Problem requirements:
For this exercise, the lines from the one with "Vánoční vystoupení 24.12.2015" through the end of the material below must be output exactly, without pictures.

Given data:
= = =

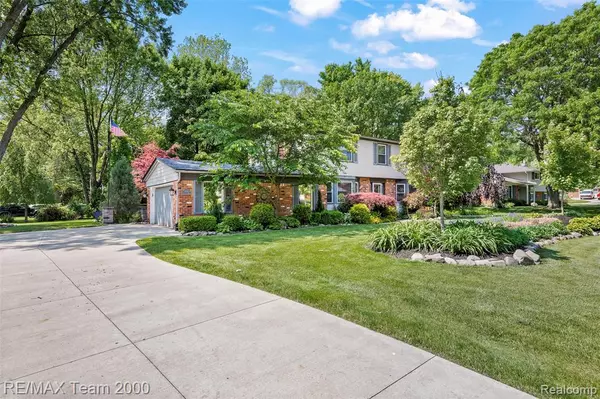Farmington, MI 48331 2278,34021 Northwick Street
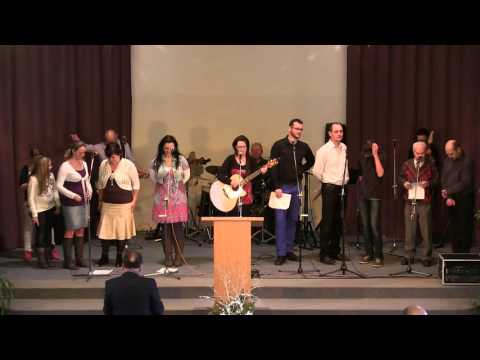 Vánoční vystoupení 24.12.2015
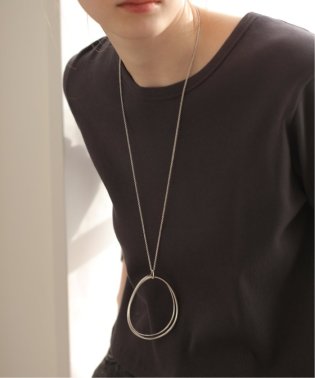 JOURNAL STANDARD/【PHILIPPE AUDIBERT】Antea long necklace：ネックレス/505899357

= = =

Response for this exercise:
 Vánoční vystoupení 24.12.2015
 JOURNAL STANDARD/【PHILIPPE AUDIBERT】Antea long necklace：ネックレス/505899357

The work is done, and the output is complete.